Nel processo di Gerusalemme, Eichmann — uno dei principali responsabili della Shoah — non appare come incarnazione del male metafisico, ma come burocrate qualunque, simbolo della banalità del male: l’orrore compiuto non per demoniaca eccezionalità, ma per obbedienza procedurale, assenza di pensiero critico, deresponsabilizzazione dentro contesti altamente organizzati. È la vittoria della ragione tecnologica sulla verità, dell’apparato sulla coscienza, del linguaggio amministrativo sulla realtà umana delle conseguenze.

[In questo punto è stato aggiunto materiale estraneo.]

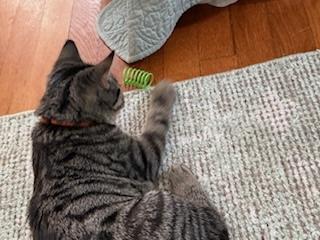 Mountain Minis:  Teton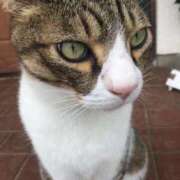 ヒメ日記 2025/11/01 08:13 投稿 ちはる チューリップ土浦店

Il filosofo Günther Anders individua due radici del mostruoso novecentesco. La prima è la discrepanza tra capacità produttiva e capacità immaginativa: produciamo effetti che non sappiamo più figurare, dominare, giudicare. Da qui il vizio capitale del ’900: la sproporzione tra la potenza dell’oggetto prodotto e l’impotenza del soggetto produttore. La seconda è la macchinazione del mondo: il reale trasformato in apparato, dove l’uomo esiste solo se funziona. In nessun’altra epoca una dittatura aveva concepito la creazione di una razza ex nihilo come atto pseudo-divino: il nazionalsocialismo ha aspirato a un ruolo creatore dal nulla, mostrandosi indifferente perfino allo sterminio degli stessi tedeschi, perché la “nuova razza” doveva nascere dal vuoto, non dall’umano. Una pretesa inaudita, che non può essere archiviata come eccesso storico tra i tanti, ma che continua a imporre una domanda essenziale, sempre aperta e mai banalizzabile: che cos’è stato il nazismo? che cosa resta del fascismo? e quante volte la storia dovrà ripeterci il monito del Novecento prima che impariamo a riconoscerlo, anche quando cambia volto?